***** Data for this exercise *****

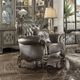 ACME Furniture Versailles Antique Platinum/Silver Leather Chair-1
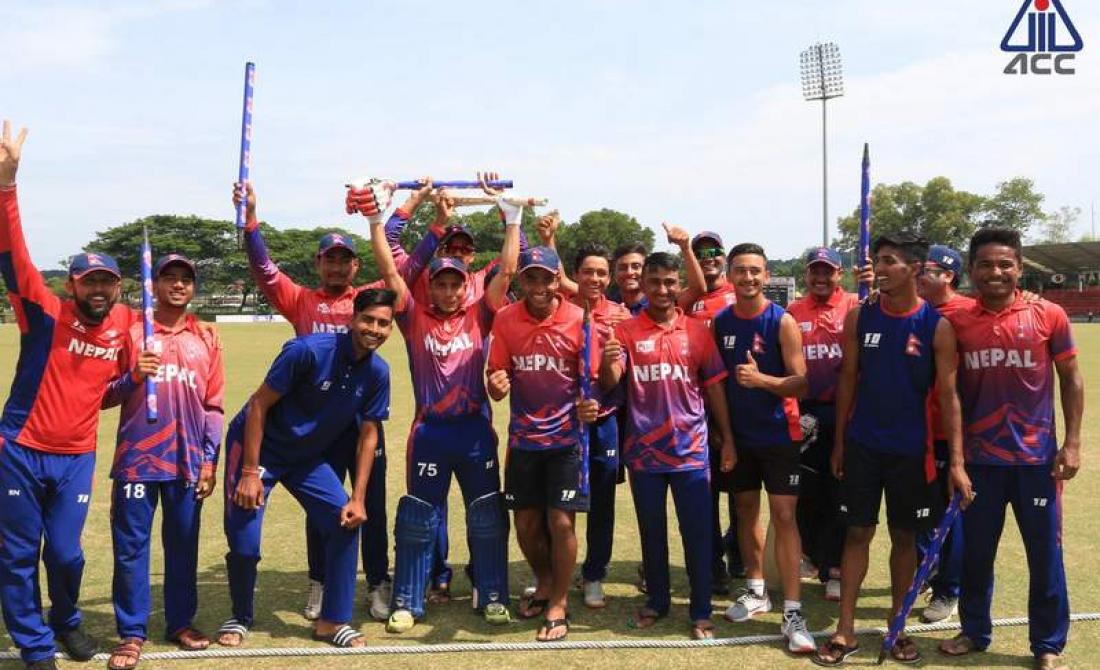 Nepali Under 19 Cricket Toli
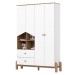 Guarda-Roupa Infantil Ternura 4 Portas 2 Gavetas Branco/Jequitibá - Henn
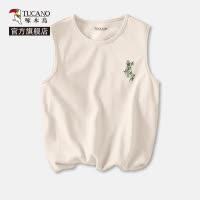 啄木鸟男士背心夏季2025新款国潮纯棉无袖t恤男健身运动透气坎袖Y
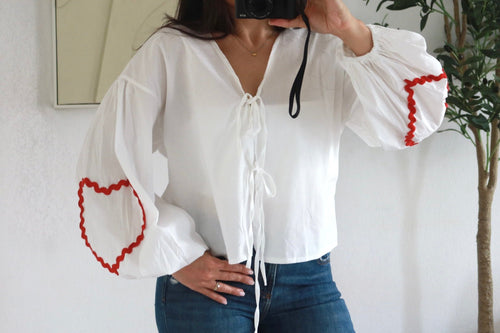 Blouse coeur LUNA
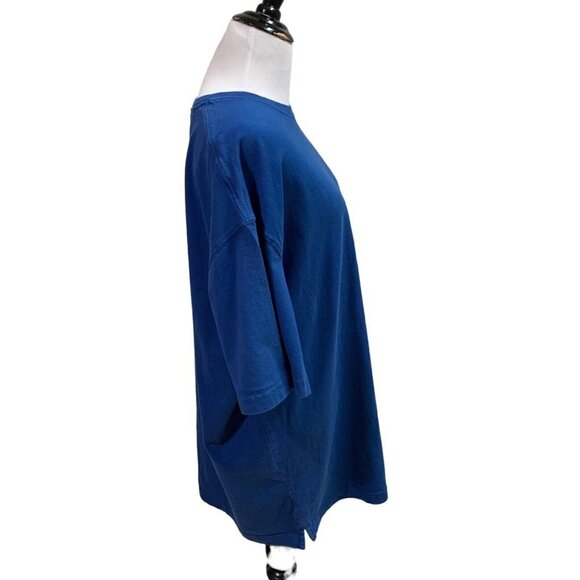 Duluth Trading Company Men's Longtail Tee L Large T-Shirt Short Sleeves Blue - Picture 3 of 5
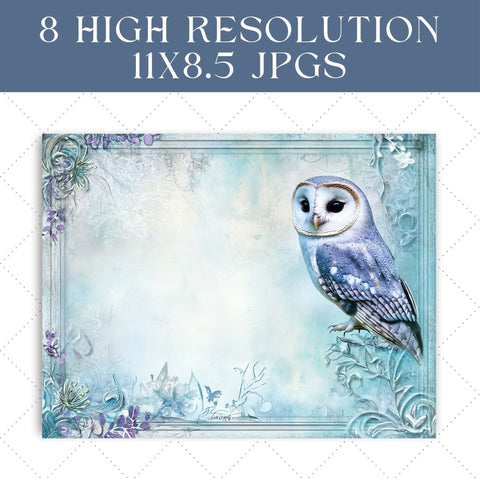 Vintage Owl Junk Journal Paper | Printable Junk Journal Paper SVG Paige Cole Studio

*****

| Try it |
Your answer must be an exact copy of the records, without the pictures.

| Answer to this exercise |
 ACME Furniture Versailles Antique Platinum/Silver Leather Chair-1
 Nepali Under 19 Cricket Toli
 Guarda-Roupa Infantil Ternura 4 Portas 2 Gavetas Branco/Jequitibá - Henn
 啄木鸟男士背心夏季2025新款国潮纯棉无袖t恤男健身运动透气坎袖Y
 Blouse coeur LUNA
 Duluth Trading Company Men's Longtail Tee L Large T-Shirt Short Sleeves Blue - Picture 3 of 5
 Vintage Owl Junk Journal Paper | Printable Junk Journal Paper SVG Paige Cole Studio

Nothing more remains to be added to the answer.